CARI BERKAH KLIK DI SINI

13 April 2011

BENANG MERAH : "Menguapnya Anggaran Lahan Pemakaman"

Rabu,

13 April 2011

PENDOPO INDRAMAYU ONLINE

BENANG MERAH



Menguapnya Anggaran Lahan Pemakaman

CIREBON, PENDOPO INDRAMAYU ONLINE

Modus kasus dugaan korupsi kolusi dan nepotisme (KKN) di Kota Cirebon semakin nekat saja. Bagaimana tidak, dana yang semestinya buat keperluan orang-orang yang sudah meninggal pun diduga dikorupsi

Seorang developer wajib menyediakan dua persen dari total tanah yang akan dikembangkannya untuk Tempat Pemakaman Umum (TPU) sebagai bagian fasilitas sosial (fasos) dan fasilitas umum (fasum). Ini digariskan dalam permendagri No.9 tahun 1987 dan Kepmen PU No. 378 Tahun 1987. Foto-foto: Kabar Cirebon, Selasa 12 April 2011***

Namun faktanya hal itu terkadang diabaikan oleh pengembang. Alhasil, pemerintah pasti dongkol karena ulah nakal pengembang demikian. Sedangkan warga yang tinggal di sebuah kawasan perumahan tentu saja rugi berlipat. Di satu sisi mereka dituntut membayar kewajibannya, namun di lain pihak fasilitas yang seharusnya diberikan pengembang tak kunjung tersedia. Uang hilang, fasilitas tak kunjung datang.

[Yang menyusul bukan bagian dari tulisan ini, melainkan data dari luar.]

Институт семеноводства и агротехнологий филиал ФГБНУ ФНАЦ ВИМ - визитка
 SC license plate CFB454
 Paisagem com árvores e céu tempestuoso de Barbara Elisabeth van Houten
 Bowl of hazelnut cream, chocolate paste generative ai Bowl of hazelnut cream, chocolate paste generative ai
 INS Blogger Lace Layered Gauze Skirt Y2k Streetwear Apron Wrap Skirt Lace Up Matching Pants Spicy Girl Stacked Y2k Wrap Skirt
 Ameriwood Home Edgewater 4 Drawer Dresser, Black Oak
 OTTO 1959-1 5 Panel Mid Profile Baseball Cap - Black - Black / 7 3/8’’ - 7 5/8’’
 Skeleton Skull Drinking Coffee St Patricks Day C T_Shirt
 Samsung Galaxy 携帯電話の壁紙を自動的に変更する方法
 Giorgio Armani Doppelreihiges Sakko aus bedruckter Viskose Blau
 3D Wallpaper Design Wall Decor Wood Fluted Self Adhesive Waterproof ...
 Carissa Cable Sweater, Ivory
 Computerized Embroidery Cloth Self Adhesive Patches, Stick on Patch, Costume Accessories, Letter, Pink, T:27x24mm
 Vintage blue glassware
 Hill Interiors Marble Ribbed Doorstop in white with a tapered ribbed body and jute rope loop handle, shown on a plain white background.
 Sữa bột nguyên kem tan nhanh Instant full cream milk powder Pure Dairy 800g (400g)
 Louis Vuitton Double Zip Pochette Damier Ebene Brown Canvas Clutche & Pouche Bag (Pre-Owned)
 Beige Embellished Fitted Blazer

Tak hanya itu, pemerintah pun terancam kehilangan pendapatan asli daerah (PAD) atas realitas demikian. Kenapa bisa?

Kabar Cirebon (“KC”) memperoleh data, jika seorang developer tidak bisa menyediakan dua persen dari total lahan di lokasi proyek perumahannya buat TPU, maka dia bisa mengambil cara lain. Yakni, seorang developer bisa membeli kaveling di sebuah TPU yang telah ada sebelumnya di luar kompleks.

Kalaupun enggan menempuh cara ini, developer bisa mengambil alternatif lain yaitu membayar dana kompensasi kepada pemerintah setempat. Besarnya dua persen dari total harga tanah di kompleks perumahan. Atau sederhananya, besaran dana kompensasinya seharga nilai jual lahan yang luasnya dua persen itu.

Selanjutnya dana kompensasi dua persen tersebut harus dibayarkan pengembang kepada pemerintah. Infonya, penyerahan dana ini kepada pemerintah melalui kordinator para pengembang di wilayah setempat.

Namun belakangan terungkap, dana kompensasi sebanyak dua persen tersebut selama beberapa tahun terakhir tidak jelas keberadaannya. Padahal, dalam rentang waktu itu puluhan komplek perumahan berdiri di Kota Udang. Kontan dana kompensasi bernilai ratusan juta bahkan miliaran rupiah yang semestinya menambah pundi-pundi PAD, diduga menguap. Hanya satu yang pasti, penilap uangnya bisa dituduh korupsi karena jelas-jelas telah memakan uang yang semestinya menjadi milik negara.

Penegak Hukum

Fakta mengejutkan terungkap saat DPRD Kota Cirebon membentuk Pansus Raperda Pemakaman. Saat itu ada pengembang yang mengaku telah menyerahkan dana kompensasi TPU buat pemerintah melalui REI (Real Estate Indonesia) Cabang Cirebon. Pengakuan tersebut disampaikan pengembang dari Pegambiran Residence.

Realitas di atas dibenarkan Ketua Pansus Pemakaman DPRD Kota Cirebon, Taufik Pratadinata. Menurut politisi PKS ini, pihaknya sudah melakukan penelusuran di lapangan dan menemukan fakta-fakta baru terkait ketidakjelasan dana kompensasi dari pengembang.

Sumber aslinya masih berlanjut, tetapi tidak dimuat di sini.